No one can accuse Whitney of being tame with their choices, as their cover of 90’s R&B stalwarts SWV’s “Rain” proves. Nor did they shy away from taking on an evergreen like John Denver’s “Take Me Home, Country Roads,” where they received vocal help from Waxahatchee’s Katie Crutchfield. “We just knew that was a song that we could pull off and the vocal would just sound good with me singing it,” Ehrlich explains. “I think actually what we were thinking was, if we do this song in the style of the band, then it’s not like it’s going to be something that no one’s ever heard before. But it came out true to us as well.”

Kakacek says that he hopes that the album not only strengthens Whitney’s fan base, but that it will also turn people onto the originals. “We had an interview yesterday about record stores and how covers and record stores work together,” he says. “Our ending comment with that interview, and I’ll repeat it here because it holds some weight, is if you like the songs on Candid, you should go out to your local store, buy that entire record and listen to the whole thing.”

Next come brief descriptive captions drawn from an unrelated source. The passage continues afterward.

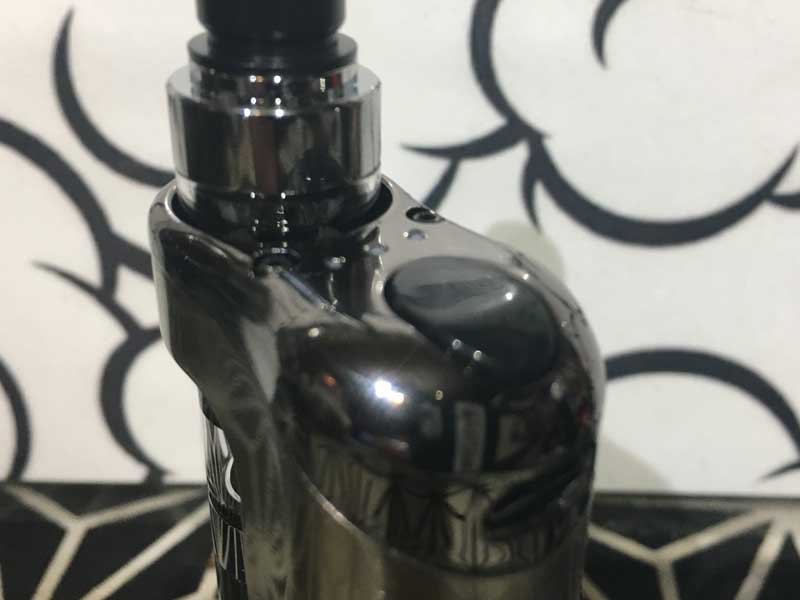 VAPE �X�^�[�^�[�L�b�g JUSTFOG Compact 14 Kit �W���X�g�t�H�O �v���[���e�b�N���z����R���p�N�g�L�b�g 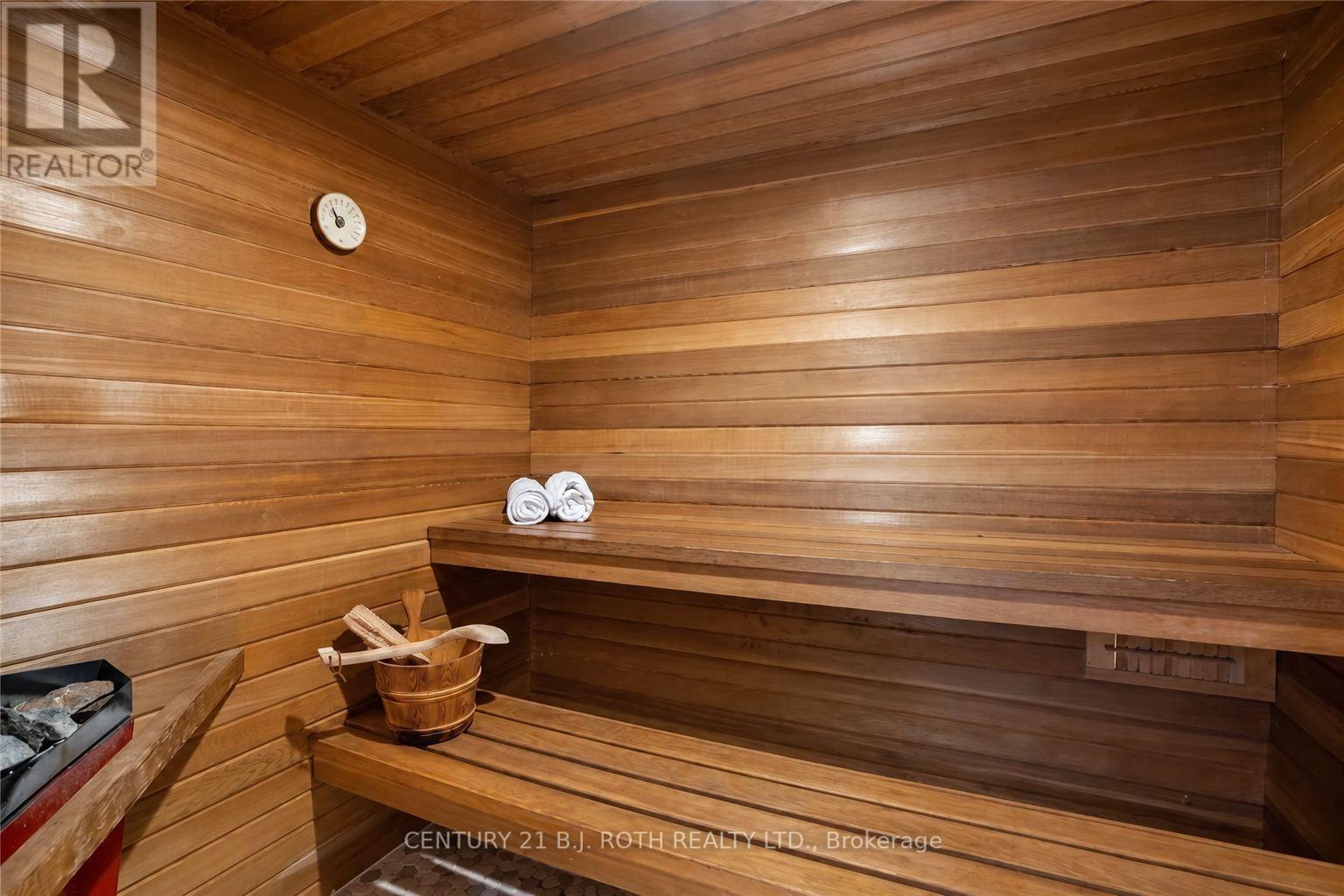 3274 Liah Lane, Innisfil, Ontario  L9S 2B4 - Photo 23 - N13796884
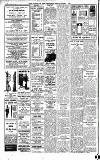 Acton Gazette Friday 01 October 1926 Page 6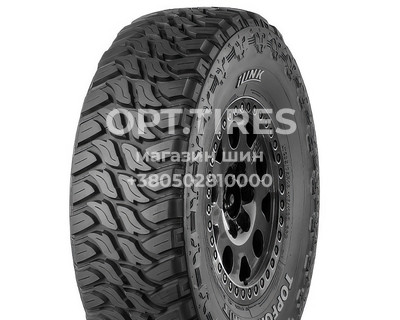 35/12.5R15 ILink TopForce M/T 113Q Внедорожная шина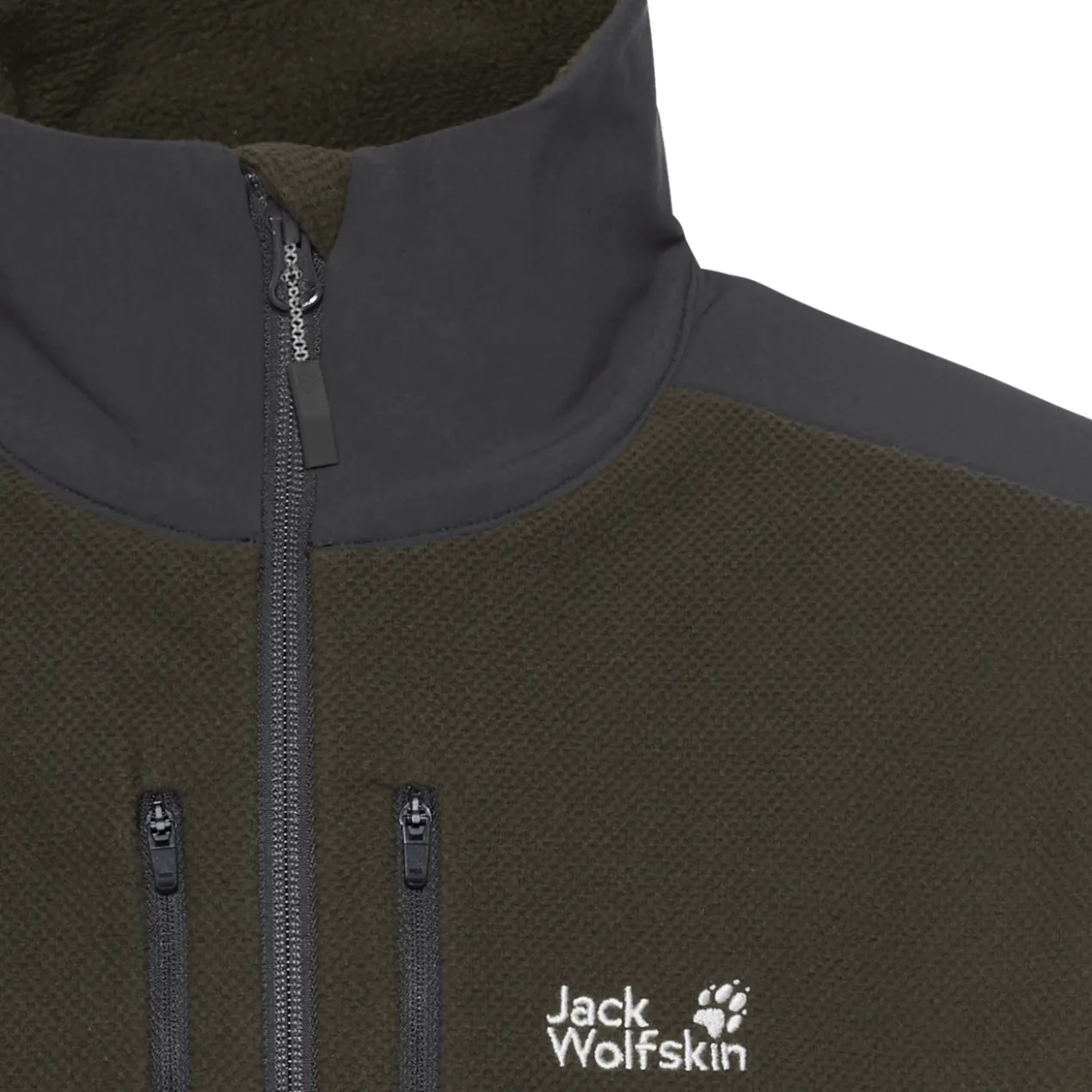 COLD RIDGE JKT M
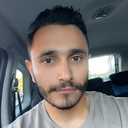 Ibrahim Fatah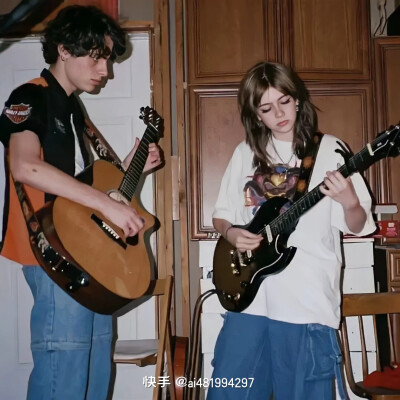 全都是美女哦。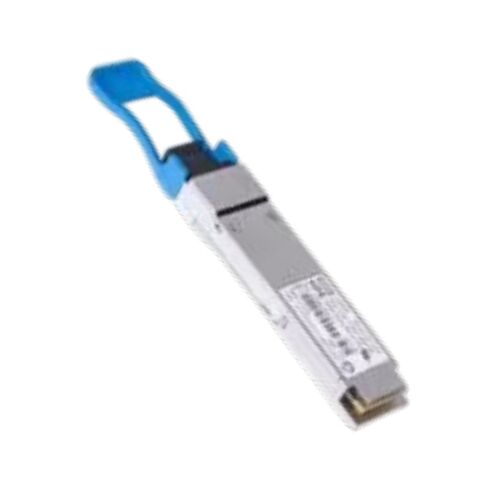 HPE S3N88-61001 Aruba  DR QSFP28 LC Transceiver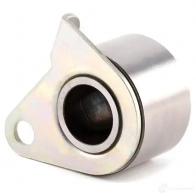Комплект ремня ГРМ GATES 408977 5244X S k025244xs T41159 - Изображение 6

Kakacek also enjoyed the process of working up most of the tracks on Candid from scratch with the rest of the instrumentalists. “The live band has always been involved in the record-making process,” Kakacek says. “But this is the first time, with the process of taking the covers and learning them, fleshing them out like that, that everyone played the skeleton of the song live. All seven members were performing a live take. And then we’d overdub on a live take. Whitney albums, usually we’ll overdub a lot more. This is a lot more like the whole band playing and then adding little touches and saying, ‘We’ll get the best live take of this song together and see what we can do with it after.’”

Ehrlich seconded that emotion, and even believes that Candid could provide a different way forward once Whitney gets back to their original material. “The stuff that we’re writing right now, we don’t have a drum set, so we’re making songs around sampled drums,” he explains. “I think our vibe is that the experience of recording Candid, it just went so well, that we might as well try to rerecord the songs that we’re writing right now with the whole band.”

And why not? If the band could turn a myth-strewn Moondog song into an effortless pop gem, anything is possible. “’If you’ve the yen to pluck, then pluck us both,” Ehrlich laughs, quoting the lyrics to “High On A Rocky Ledge.” “The lines just get crazier and crazier.”